GCP Observability and Monitoring: The Ins and Outs
Google Cloud Platform (GCP) is similar in most respects to all of the other major public clouds, like Microsoft Azure and Amazon Web Services. By extension, you can monitor and observe GCP resources in the same basic way that you would monitor any public cloud environment.
Though similar, GCP isn’t identical to other public clouds. It has different cloud services, different levels of customization, as well as different monitoring tools. In addition, Google Cloud’s native tools aren’t very useful for managing private servers or data centers. For these reasons, organizations that deploy workloads on GCP need to adapt their monitoring and observability workflows to meet the unique requirements of GCP.
This article explains the fundamentals of GCP monitoring and observability by identifying the types of workloads you can monitor in GCP, available monitoring tools from both GCP and third parties, as well as what to consider when developing a GCP observability strategy.
Understanding Your GCP Monitoring Needs
Like other major public clouds, GCP offers a variety of cloud computing services, each designed to host different workloads or different parts of a workload. Among the most important cloud services on GCP are these services:
- Virtual machine instances (Google Compute Engine)
- Databases (Google Cloud Databases)
- Object storage (Google Cloud Storage)
- Serverless functions (Google Cloud Functions)
- Containers (hosted in Google Kubernetes Engine)
GCP provides many other cloud computing services, but the services described above are the bread-and-butter elements that most teams would use to construct a GCP environment.
Because each type of cloud service on GCP exposes different types of metrics, it typically makes the most sense to plan your monitoring strategy based on the types of cloud services you use. Different cloud services may require different monitoring and analytics techniques due to the unique metrics that each service generates.
The first step in planning a GCP observability strategy is determining which specific cloud services your workloads use in GCP. Then, you can read the Google Cloud metrics documentation to determine which types of metrics are available for those services. If you run workloads hosted in VMs using Compute Engine, you have an entirely different set of metrics to collect than you do for workloads running in Google Kubernetes Engine.
Google Cloud Monitoring Tools
Like the other major public clouds, Google Cloud provides several native tools to help teams collect and analyze metrics from across its various cloud services. These tools are useful for basic metrics collection and interpretation. But GCP’s native monitoring solutions typically aren’t enough for complex monitoring needs.
Google Cloud Monitoring
The most important monitoring and observability tool in GCP is Cloud Monitoring. Cloud Monitoring is a SaaS product that lets you:
- Collect metrics from most Google Cloud services.
- Visualize service status and health using graphs and charts.
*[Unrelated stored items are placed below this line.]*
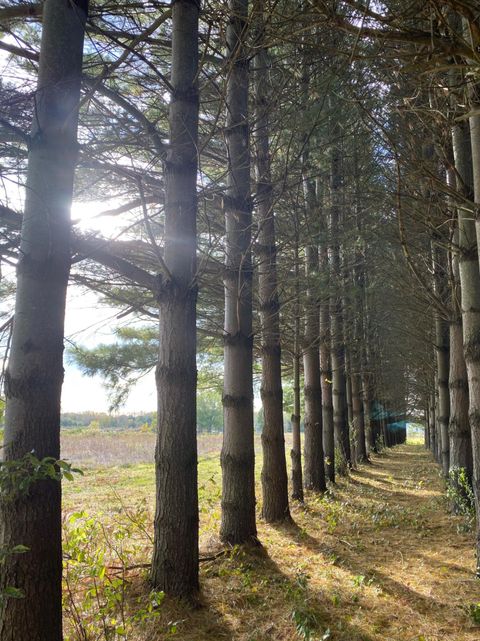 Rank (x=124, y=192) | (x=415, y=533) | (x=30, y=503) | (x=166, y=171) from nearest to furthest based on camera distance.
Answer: (x=30, y=503) → (x=166, y=171) → (x=124, y=192) → (x=415, y=533)

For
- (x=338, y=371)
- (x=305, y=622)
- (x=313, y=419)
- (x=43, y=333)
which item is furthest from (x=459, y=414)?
(x=43, y=333)

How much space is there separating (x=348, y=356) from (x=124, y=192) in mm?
9926

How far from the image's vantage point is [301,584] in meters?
4.06

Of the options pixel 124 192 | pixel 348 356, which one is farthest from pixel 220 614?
pixel 348 356

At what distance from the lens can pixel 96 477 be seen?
14.5m

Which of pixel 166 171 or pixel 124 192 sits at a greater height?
pixel 124 192

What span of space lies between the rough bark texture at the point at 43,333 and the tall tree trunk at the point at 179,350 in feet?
3.93

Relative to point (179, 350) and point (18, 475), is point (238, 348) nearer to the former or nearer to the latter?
point (179, 350)

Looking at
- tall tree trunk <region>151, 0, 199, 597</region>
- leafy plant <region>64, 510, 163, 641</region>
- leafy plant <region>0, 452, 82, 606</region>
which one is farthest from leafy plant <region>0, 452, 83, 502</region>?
tall tree trunk <region>151, 0, 199, 597</region>

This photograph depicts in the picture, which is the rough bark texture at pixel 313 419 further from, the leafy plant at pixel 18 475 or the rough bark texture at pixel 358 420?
the leafy plant at pixel 18 475

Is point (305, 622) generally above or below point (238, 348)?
below

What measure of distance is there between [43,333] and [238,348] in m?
3.10

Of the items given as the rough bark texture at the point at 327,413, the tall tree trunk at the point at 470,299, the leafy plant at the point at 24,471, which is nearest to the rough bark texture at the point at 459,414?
the tall tree trunk at the point at 470,299

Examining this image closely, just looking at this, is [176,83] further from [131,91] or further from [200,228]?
[200,228] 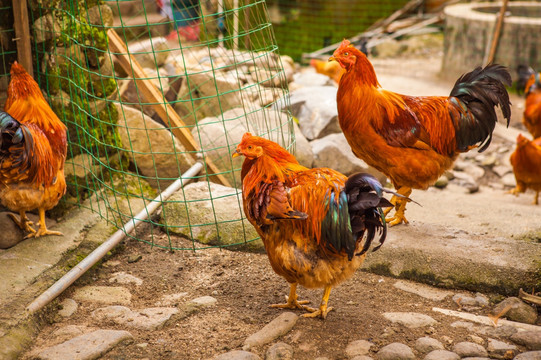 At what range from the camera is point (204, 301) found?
12.9 ft

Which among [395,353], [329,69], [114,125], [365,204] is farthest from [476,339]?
[329,69]

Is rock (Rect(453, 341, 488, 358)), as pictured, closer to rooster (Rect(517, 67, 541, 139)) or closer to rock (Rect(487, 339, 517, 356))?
rock (Rect(487, 339, 517, 356))

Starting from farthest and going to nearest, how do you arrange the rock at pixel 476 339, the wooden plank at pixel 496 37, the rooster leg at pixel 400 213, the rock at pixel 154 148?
the wooden plank at pixel 496 37, the rock at pixel 154 148, the rooster leg at pixel 400 213, the rock at pixel 476 339

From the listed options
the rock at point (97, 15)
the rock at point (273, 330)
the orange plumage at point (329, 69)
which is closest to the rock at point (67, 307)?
the rock at point (273, 330)

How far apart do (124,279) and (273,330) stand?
142 centimetres

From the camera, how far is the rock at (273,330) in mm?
3393

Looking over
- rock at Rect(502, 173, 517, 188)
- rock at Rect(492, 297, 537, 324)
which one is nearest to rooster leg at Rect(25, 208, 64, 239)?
rock at Rect(492, 297, 537, 324)

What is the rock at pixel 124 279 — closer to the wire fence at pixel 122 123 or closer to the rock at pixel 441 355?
the wire fence at pixel 122 123

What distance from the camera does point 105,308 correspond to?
3.82 metres

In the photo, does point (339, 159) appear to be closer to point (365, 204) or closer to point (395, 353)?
point (365, 204)

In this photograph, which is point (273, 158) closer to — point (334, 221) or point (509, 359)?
point (334, 221)

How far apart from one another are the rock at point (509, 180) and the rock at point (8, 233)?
642 cm

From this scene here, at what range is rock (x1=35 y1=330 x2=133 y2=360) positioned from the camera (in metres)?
3.22

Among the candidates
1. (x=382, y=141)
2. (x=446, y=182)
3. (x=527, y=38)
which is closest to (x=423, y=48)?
(x=527, y=38)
- Configure alarms to generate alerts when metrics cross certain thresholds.
Cloud Monitoring is free if the metrics you collect fall within the category of what Google defines as “non-chargeable” metrics, which include most of the standard metrics you’d monitor for typical GCP workloads. However, if you define custom metrics, or you ingest metrics from services external to GCP, you have to pay extra for those.
Cloud Logging is the primary GCP tool for collecting and analyzing logs from those GCP services that expose logs. It lets you ingest logs into a log storage “bucket” and perform basic analytics operations on the log data. You can also configure automated alarms based on log data.
You have to pay to use GCP Cloud Logging, although you get 50 gigabytes of free log ingestion per month before the fees start. Google Cloud also charges log storage fees if you choose to retain logs for more than 30 days.
Cloud Audit Logs
If you want to monitor the actions that human and machine users perform in your GCP environment, you can use Cloud Audit Logs, a GCP service that tracks administrative activities. Cloud Audit Logs only works for GCP services that generate audit logs. Though this includes most services, not all types of actions are recorded for every service.
Cloud Audit Logs is subject to the same pricing terms as Cloud Logging.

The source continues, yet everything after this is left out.